There is little, if any, dispute as to the facts. On March 16, 1933, Francesco Loporchio, the president of the defendant society, brought a suit in equity in the name of the society against the vice-president, the financial secretary, the corresponding secretary and the treasurer thereof. The bill alleged that said officers left a meeting of the society taking with them the records and bankbooks; that they kept the records, correspondence and bankbooks of the society; that the vice-president issued a call for a special meeting of the society, the secretary sent out notices *400 for this meeting and said officers threatened to usurp the powers of the president and of the corporation. The bill prayed that these officers be temporarily and permanently enjoined from holding any meeting in accordance with the aforesaid notice and from collecting any dues or money in the name of the society, and further prayed that they be ordered to turn over to the society any money belonging to it.

The bill was filed March 17 and a restraining order was issued ex parte. The respondent officers took the subpoenas to plaintiff and engaged him to take charge of the case. At the hearing on the application for a preliminary injunction a date was assigned for hearing the cause on its merits and said officers were enjoined from holding a meeting of the society. Thereafter the cause was heard on bill, answer and oral proof by the same justice who later heard the action at law now before us.

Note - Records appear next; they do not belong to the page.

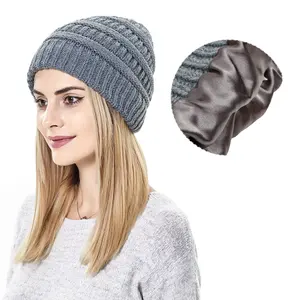 Gorro de invierno de Cachemira 2023 con forro de seda grueso a prueba de viento protege el cabello Unisex hombres mujeres venta al por mayor gorro forrado de satén de punto de lana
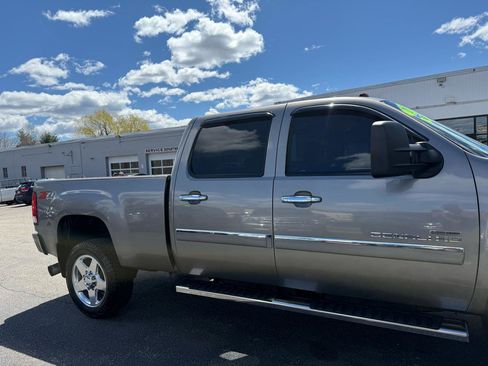 Used 2012 GMC Sierra 2500 Denali w/ Suspension Package, Off-Road AWD/4WD image 19
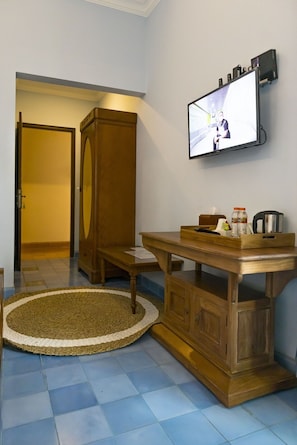 Habitación doble estándar | Decoración personalizada, escritorio y espacio para trabajar con laptop 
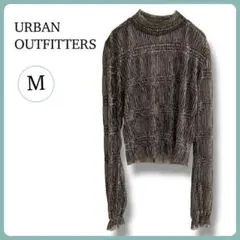 URBAN OUTFITTERS シアートップス メタリック 長袖 黒×ゴールドのサムネイル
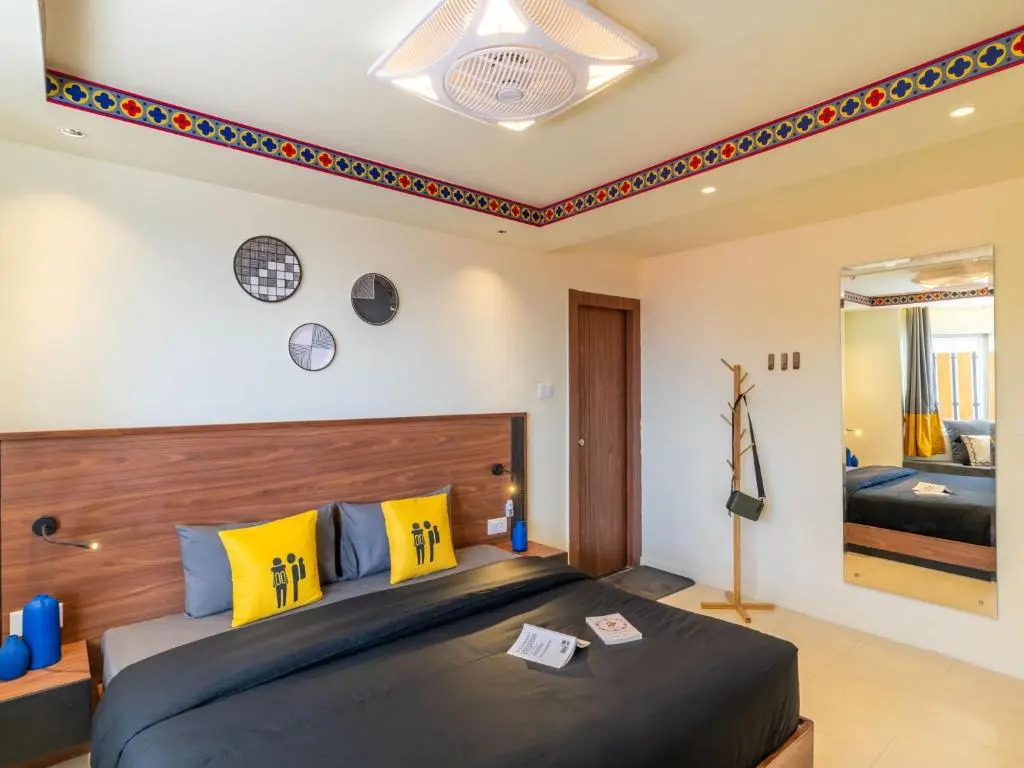 The Hosteller Dalhousie, Mall Road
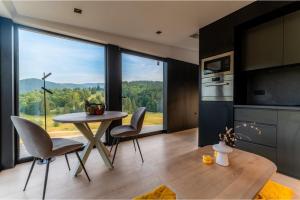 Nespecifikovaný výhled na hory nebo výhled na hory při pohledu z prázdninového domu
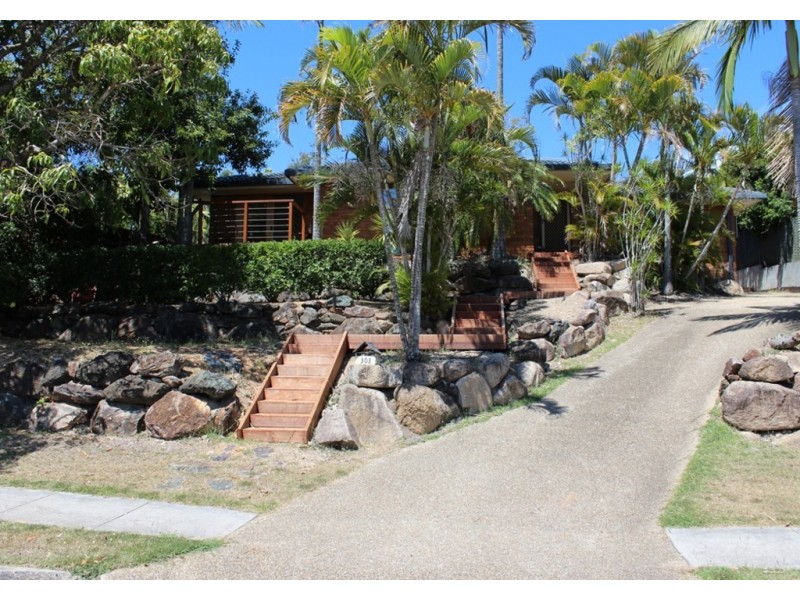 303 Horizon Drive, Westlake QLD 4074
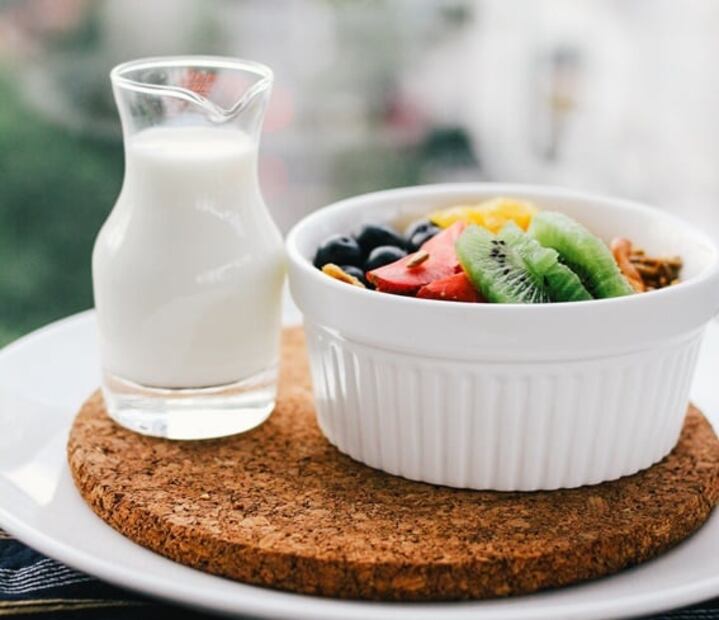 ¿Cómo se hace la leche de almendras y otras leches vegetales?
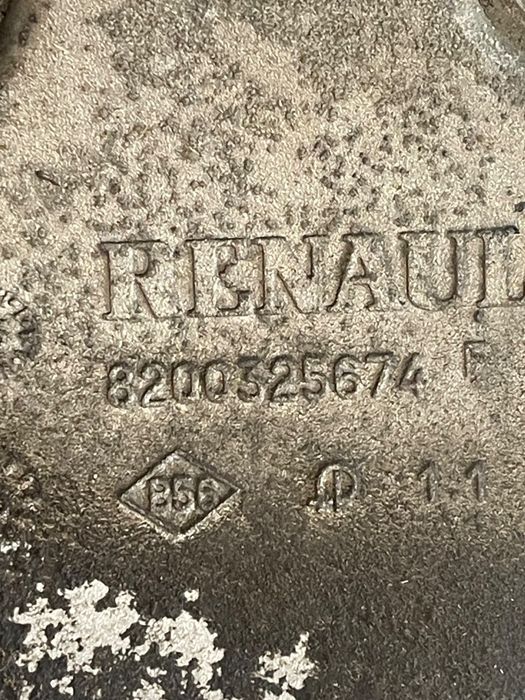 Suport Accesorii Dacia Logan 2016 1.2I D4F-F7 8200325674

By the final decree of the court, the respondent officers were restrained from expending any money of the society in any manner except as provided by its constitution and by-laws. The president, Francesco Loporchio, was directed upon presentation to him of a written request signed by seven or more members of the society, to call a special meeting to convene on the date therein named. The prayer for other relief was denied.

The trial justice decided that there had been an acquiescence by the society in the employment of plaintiff, that, although many members were present during the trial of the equity suit which lasted for four days, no motion was made for permission to call a meeting nor was any objection taken to the appearance of plaintiff for the benefit of the society. He further decided that the suit in equity, although brought in the name of the society, was in fact a suit against the society itself; that all the respondent officers were named in their corporate and official capacities; that the bill was brought to enjoin them from performing their official duties; that, as the preliminary injunction prevented *401 the calling of a meeting, their duties as officers of the society required them in an emergency to protect its funds and interests by the employment of counsel for the society and that the relief prayed for, if granted, would have paralyzed the activities of the society.

The power of an officer or agent of a corporation to bind the corporation is governed by the general law of agency. 7 R.C.L. 620. As a general rule an agent or an officer of a corporation must act within the scope of his authority to bind the corporation. But if by reason of an emergency or by necessity it becomes impossible for an agent to protect his principal's property or interests by a strict compliance with his usual or regular authority, the scope of his authority is extended or varied to fit the circumstances. The officer or agent who then acts in good faith and with reasonable discretion, in so acting, is still held to be acting for his principal with authority to bind him by his acts. Greenleaf v. Moody, 13 Allen 363;Judson v. Sturges, 5 Day (Conn.) Rep. 556; Williams v.Shackelford, 16 Ala. 318; Bartlett v. Sparkman, 95 Mo. 136;Dusar v. Perit, 4 Binney Rep. 361; Harter v. Blanchard, 64 Barbour Rep. 617; Jervis v. Hoyt, 2 Hun. (N.Y.) 637.

The principle of law applicable to the case at bar is stated in American Law Institute, Restatement of the Law of Agency, Volume 1, § 47, as follows: "Unless otherwise agreed, if after the authorization is given, an unforeseen situation arises for which the terms of the authorization make no provision and it is impracticable for the agent to communicate with the principal, he is authorized to do what he reasonably believes to be necessary in order to prevent substantial loss to the principal with respect to the interests committed to his charge."

The society was, by decree of the court, for the time being incapable of taking any formal action for its own protection. Its administrative officers were entrusted with the general conduct of the business of the society. It was their duty, in the emergency which had been created by the *402 action of the president, to protect its property and to prevent, by all lawful means, the impending danger to the corporate life. To deny them the authority to protect the corporation by the employment of counsel would be unreasonable and inconsistent with the general authority entrusted to them by the society and would tend to frustrate the purpose for which the society was incorporated.

In the circumstances we are of the opinion that the respondent officers had implied authority to act for the society in the employment of counsel.

The exception of the defendant is overruled and the case is remitted to the Superior Court with direction to enter judgment on the decision, after final determination of the question of garnishment.